SUPPLIED RECORDS Start Marker
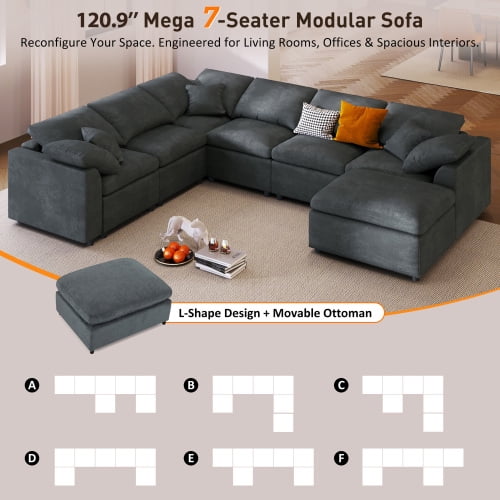 120.8" U_Style Extra Large 7-Seater L-Shape Modular Sectional Sofa with Movable Ottoman, Plush Chenille Fabric, Solid Pine Wood Frame for Living Room and Office, Gray
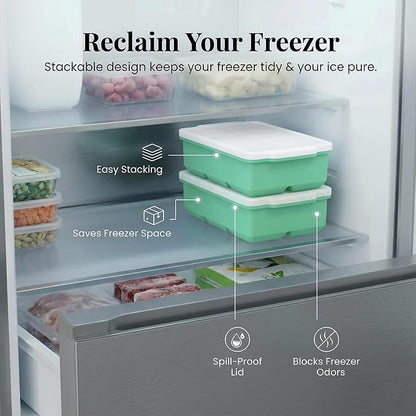KitchFort Large Silicone Ice Cube Tray (2-Pack), Easy Release 2" Big Ice Cubes - Cocktail, Whiskey Ice Cubes Mold - Ice Trays for Freezer with Lid - Stackable Silicone Ice Tray - Green - Image 5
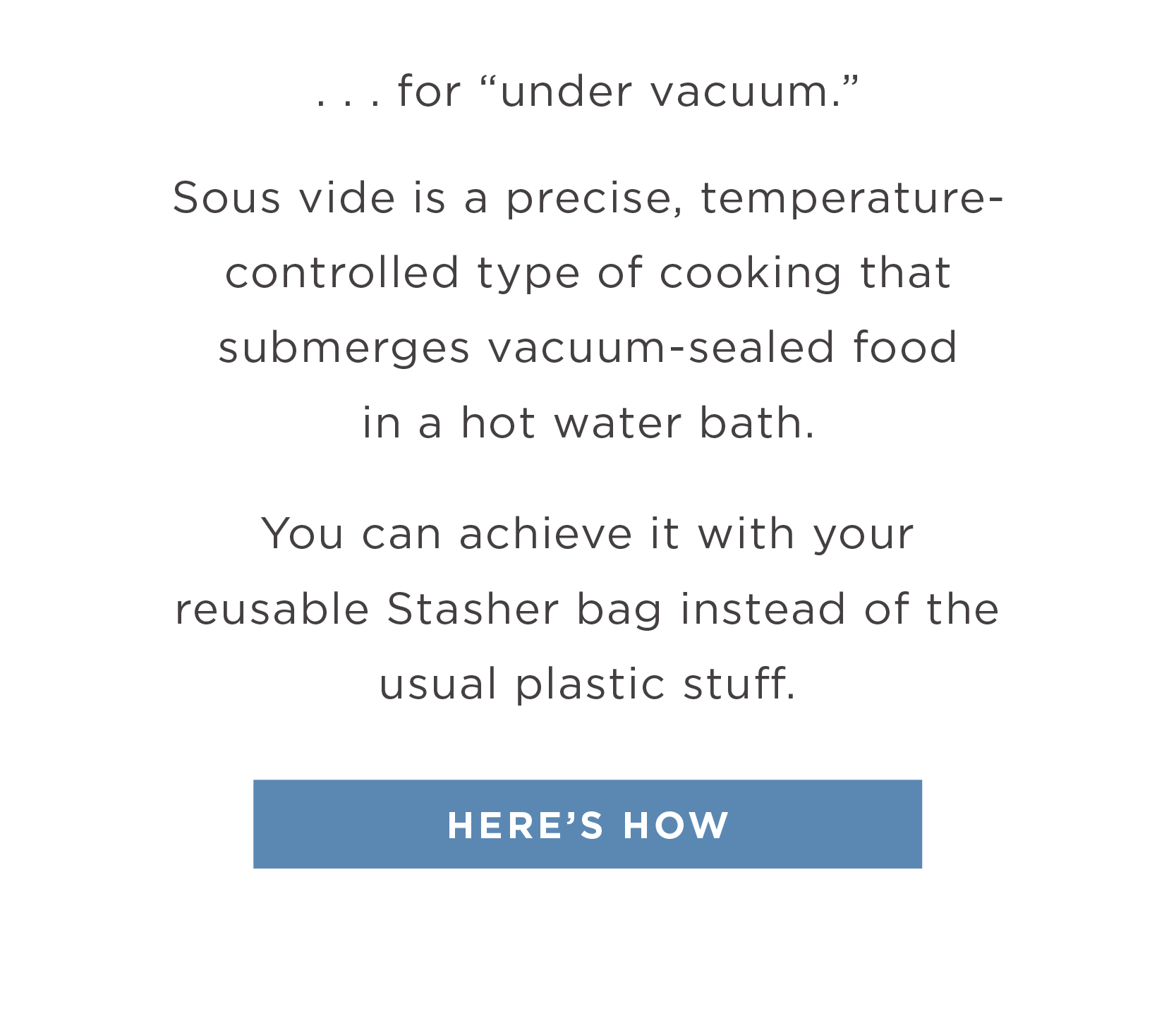 So, uh . . . what is sous vide? Stasher Bag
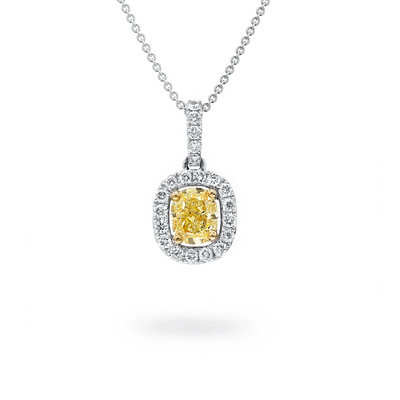 Fancy Yellow Halo Diamond Pendant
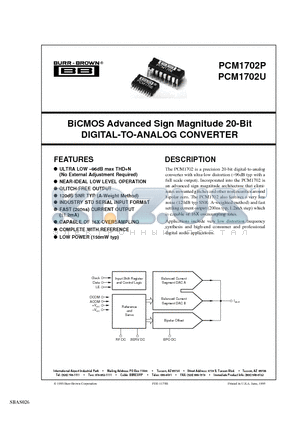 PCM1702U-J/2KE6 datasheet - BiCMOS Advanced Sign Magnitude 20-Bit DIGITAL-TO-ANALOG CONVERTER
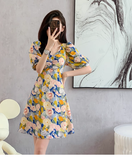 New Fashion Simple Floral Short Sleeves Design V-neck Slim Dress HZ1024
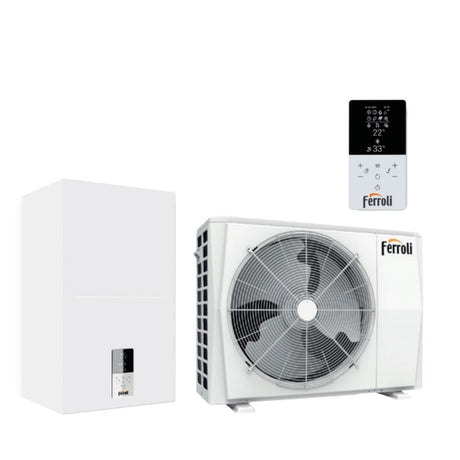 pompa di calore ibrida aria acqua ferroli omnia s hybrid 3.2 c 8 kw per installazione splittata con produzione sanitaria istantanea comando incluso a bordo macchina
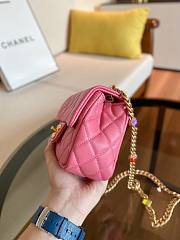 Chanel Lambskin Resin Stones Chain Mini Flap Bag Pink | AS2379 - 6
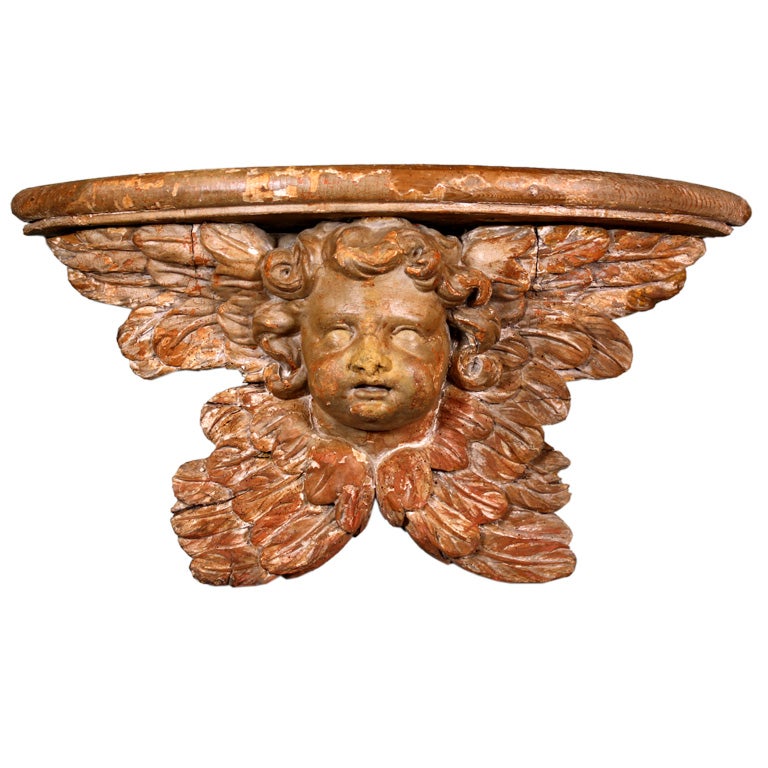 French Carved Wooden Angel Console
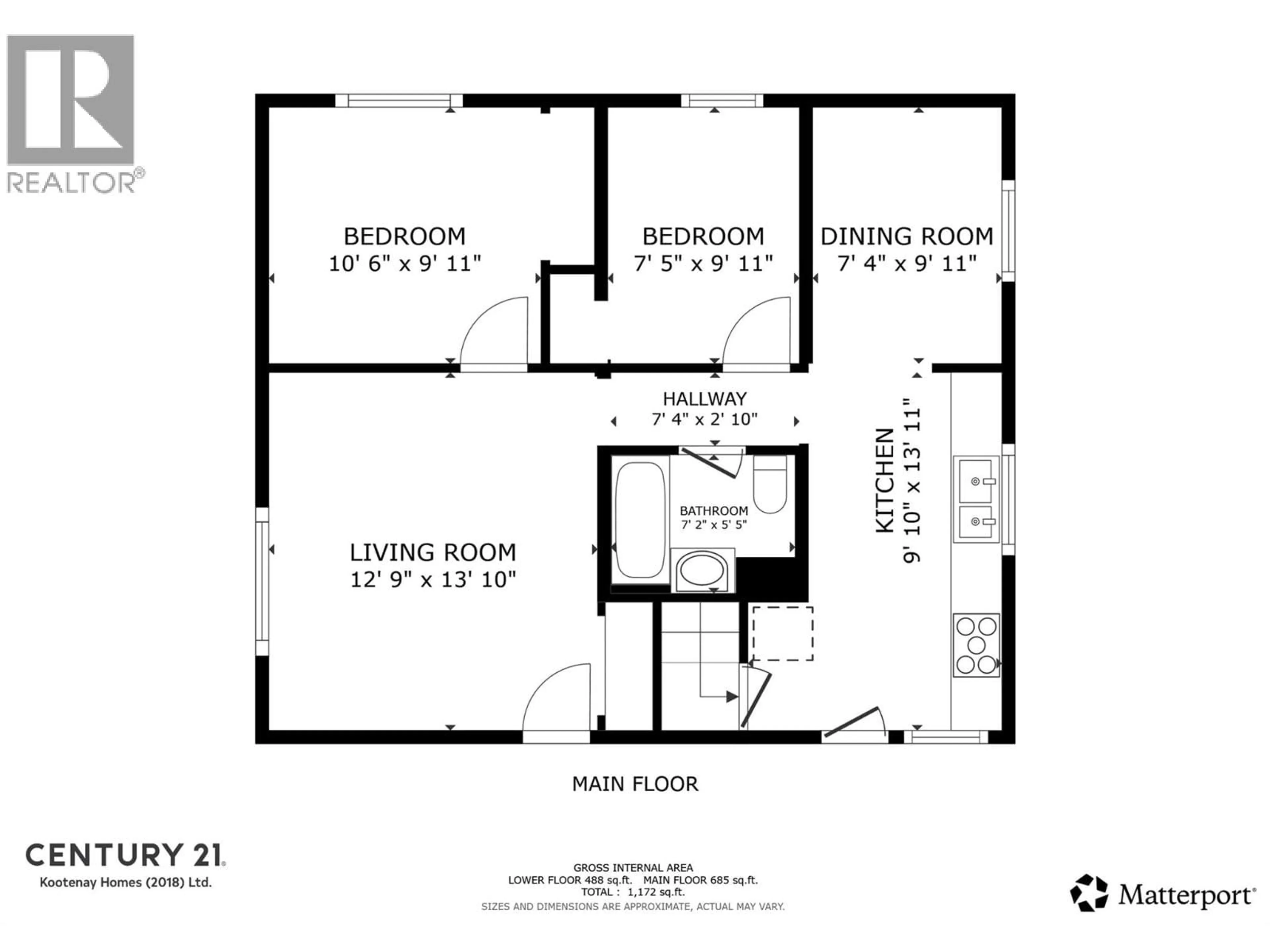 Floor plan for 533 TURNER STREET, Warfield British Columbia V1R2P6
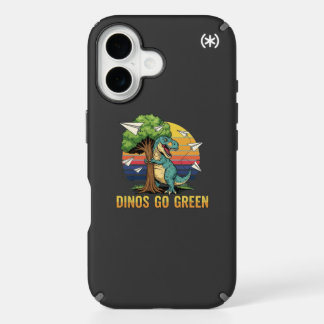 Playful 80s Dino Hugging Tree Tee – Eco-Friendly ' iPhone 16 Case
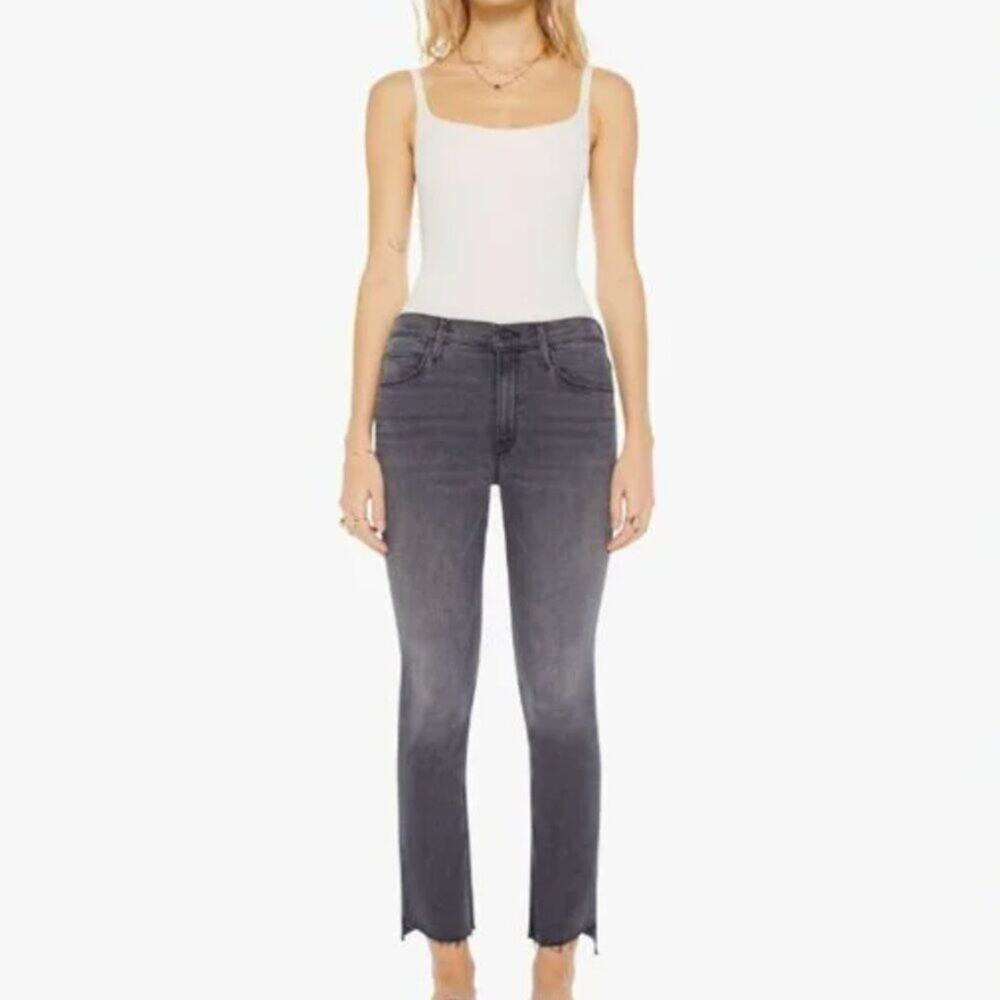 Mother The Mid Rise Dazzler Ankle Step Fray Jean in Lighting Up Lanterns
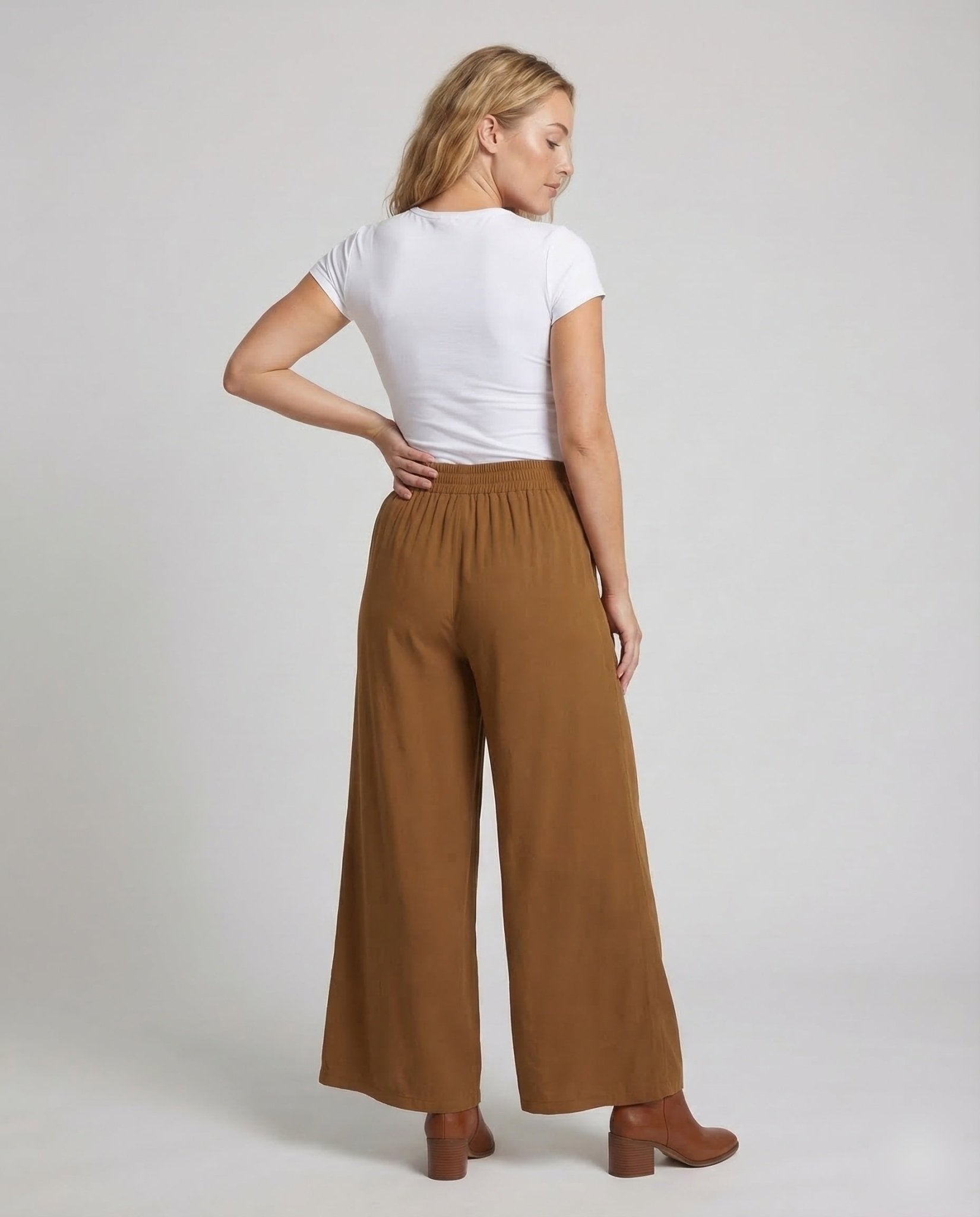 Women's Palazzo Trousers Elastic Waistband - Chichicherry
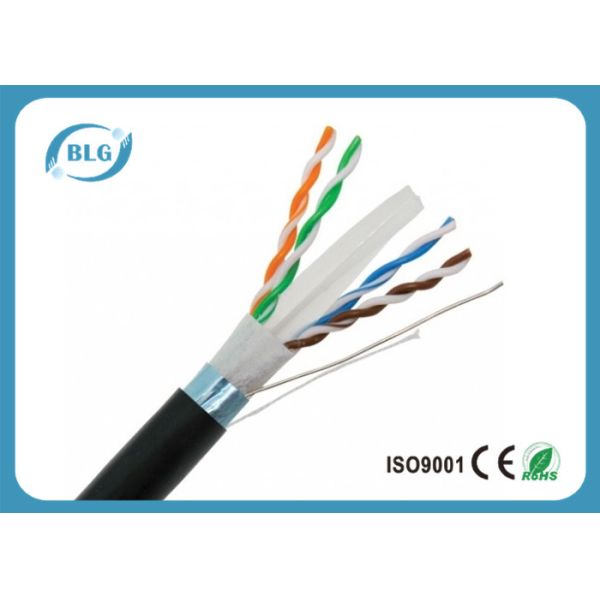 Outdoor FTP Cat6 LAN Cable Heavy - Duty Al Foil Shielding With Double Jacket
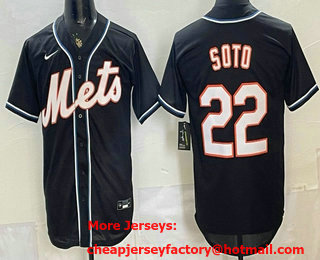 Men's New York Mets #22 Juan Soto 2026 Black Fashion Cool Base Jersey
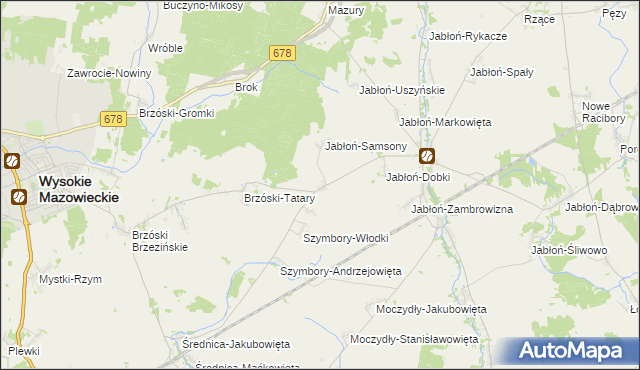 mapa Jabłoń-Kikolskie, Jabłoń-Kikolskie na mapie Targeo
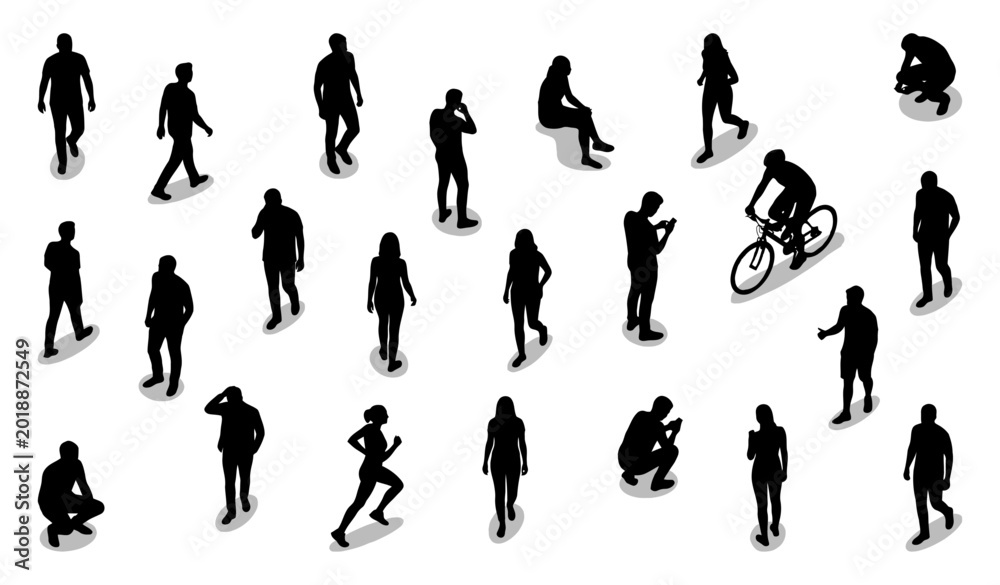 Obraz premium Top view people silhouettes with shadows walking and cycling | Overhead pedestrian crowd set for architectural rendering | Black vector illustration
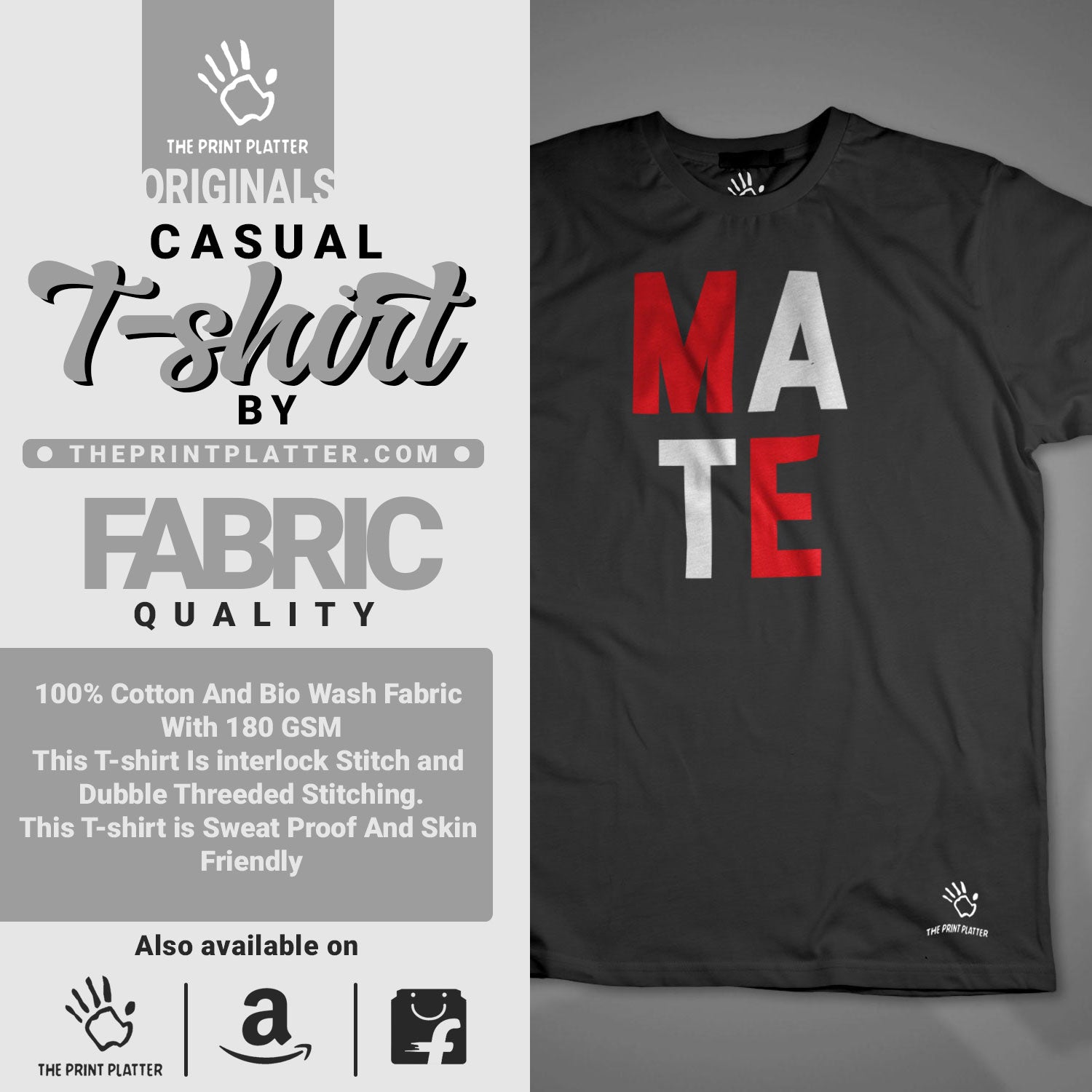 MATE Casual Wear Cotton Bio Wash 180gsm T-shirt | T31-MATE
SUPPLIED RECORDS End Marker
Above are the records; copy exactly the lines from the one with "Floor plan for" through the one with "Women's Palazzo Trousers", including both, and nothing more. Leave out pictures.

→ YOUR SOLUTION
 Floor plan for 533 TURNER STREET, Warfield British Columbia V1R2P6
 Playful 80s Dino Hugging Tree Tee – Eco-Friendly ' iPhone 16 Case
 Mother The Mid Rise Dazzler Ankle Step Fray Jean in Lighting Up Lanterns
 Women's Palazzo Trousers Elastic Waistband - Chichicherry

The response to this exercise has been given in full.